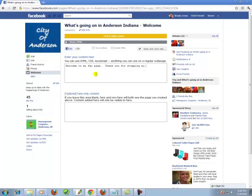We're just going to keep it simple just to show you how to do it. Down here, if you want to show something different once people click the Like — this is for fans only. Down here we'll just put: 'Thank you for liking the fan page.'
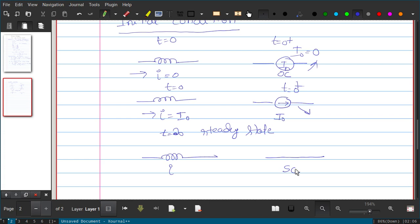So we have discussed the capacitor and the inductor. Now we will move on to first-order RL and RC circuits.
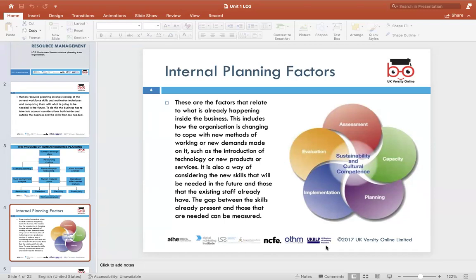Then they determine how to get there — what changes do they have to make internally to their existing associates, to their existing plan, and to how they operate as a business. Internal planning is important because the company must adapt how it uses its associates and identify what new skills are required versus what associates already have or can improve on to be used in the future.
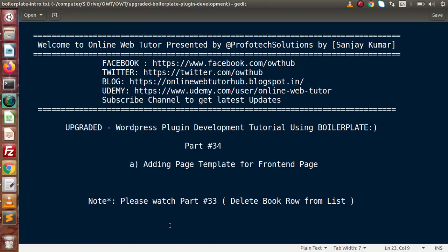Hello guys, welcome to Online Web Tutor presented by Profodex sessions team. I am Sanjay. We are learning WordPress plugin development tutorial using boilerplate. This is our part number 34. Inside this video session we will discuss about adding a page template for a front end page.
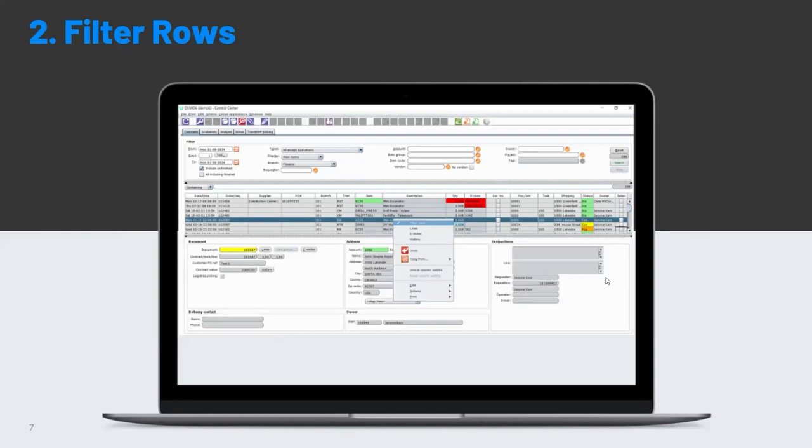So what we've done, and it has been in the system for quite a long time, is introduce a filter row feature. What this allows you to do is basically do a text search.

########

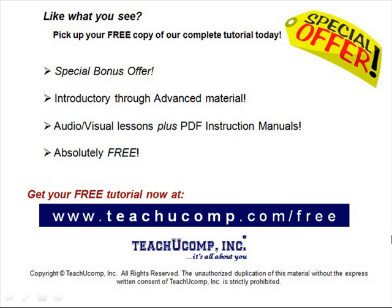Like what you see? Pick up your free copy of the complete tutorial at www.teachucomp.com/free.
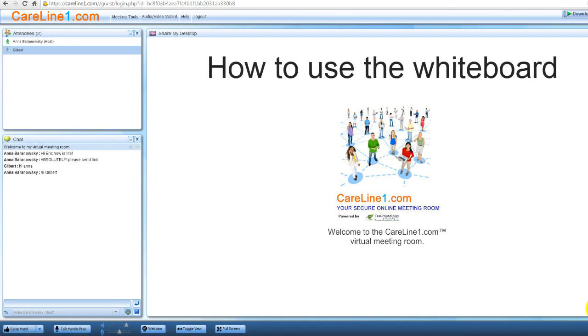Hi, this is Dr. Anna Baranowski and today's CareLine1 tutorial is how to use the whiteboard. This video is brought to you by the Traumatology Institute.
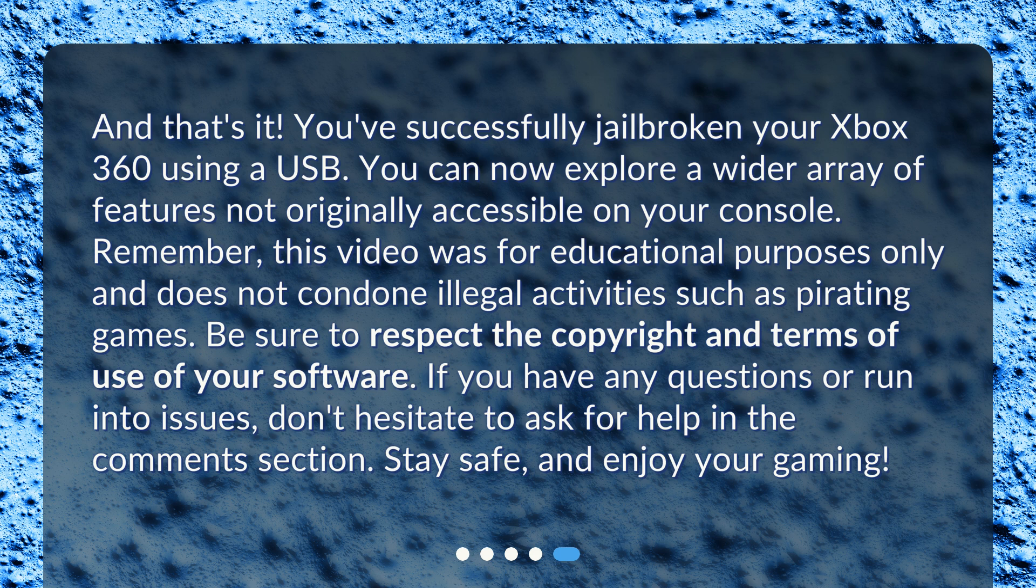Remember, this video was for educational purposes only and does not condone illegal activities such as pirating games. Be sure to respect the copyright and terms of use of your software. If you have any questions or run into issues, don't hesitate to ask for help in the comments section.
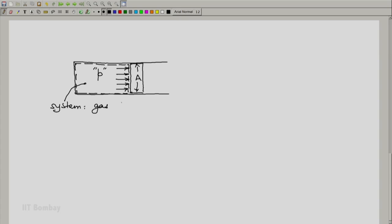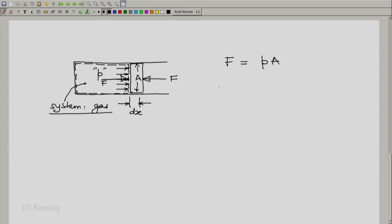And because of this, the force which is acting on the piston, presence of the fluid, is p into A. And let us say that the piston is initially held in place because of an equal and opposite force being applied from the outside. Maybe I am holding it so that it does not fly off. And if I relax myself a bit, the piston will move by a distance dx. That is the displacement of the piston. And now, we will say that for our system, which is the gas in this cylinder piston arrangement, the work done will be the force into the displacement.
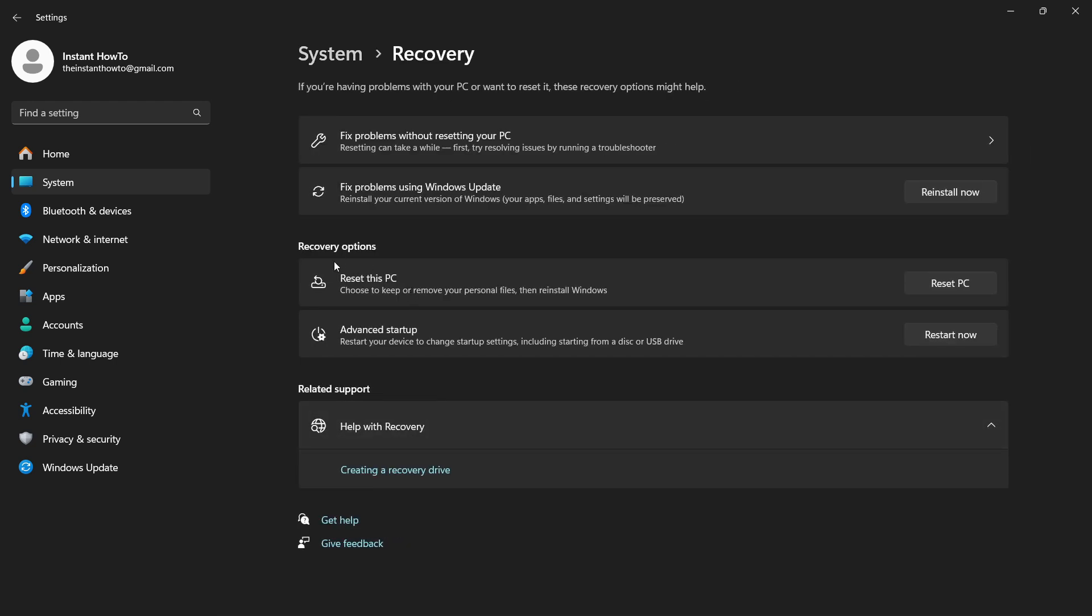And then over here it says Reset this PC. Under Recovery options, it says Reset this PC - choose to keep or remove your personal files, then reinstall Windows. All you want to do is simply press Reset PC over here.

########

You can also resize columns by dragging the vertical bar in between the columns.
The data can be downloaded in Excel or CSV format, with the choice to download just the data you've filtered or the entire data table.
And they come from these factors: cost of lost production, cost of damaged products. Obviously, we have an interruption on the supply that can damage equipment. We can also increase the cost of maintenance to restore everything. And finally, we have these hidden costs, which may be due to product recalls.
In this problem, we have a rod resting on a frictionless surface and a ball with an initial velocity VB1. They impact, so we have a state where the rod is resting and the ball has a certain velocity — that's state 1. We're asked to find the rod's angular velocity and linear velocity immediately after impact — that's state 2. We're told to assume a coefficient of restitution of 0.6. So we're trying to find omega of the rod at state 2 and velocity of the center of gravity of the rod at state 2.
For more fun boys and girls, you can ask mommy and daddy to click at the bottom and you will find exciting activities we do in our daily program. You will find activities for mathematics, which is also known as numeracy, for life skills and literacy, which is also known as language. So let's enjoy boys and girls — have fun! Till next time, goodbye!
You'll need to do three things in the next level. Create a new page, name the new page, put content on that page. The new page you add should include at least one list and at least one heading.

########

→ Problem details
Find each line in the records holding the string "with" and show it.

→ Task answer
The data can be downloaded in Excel or CSV format, with the choice to download just the data you've filtered or the entire data table.
In this problem, we have a rod resting on a frictionless surface and a ball with an initial velocity VB1. They impact, so we have a state where the rod is resting and the ball has a certain velocity — that's state 1. We're asked to find the rod's angular velocity and linear velocity immediately after impact — that's state 2. We're told to assume a coefficient of restitution of 0.6. So we're trying to find omega of the rod at state 2 and velocity of the center of gravity of the rod at state 2.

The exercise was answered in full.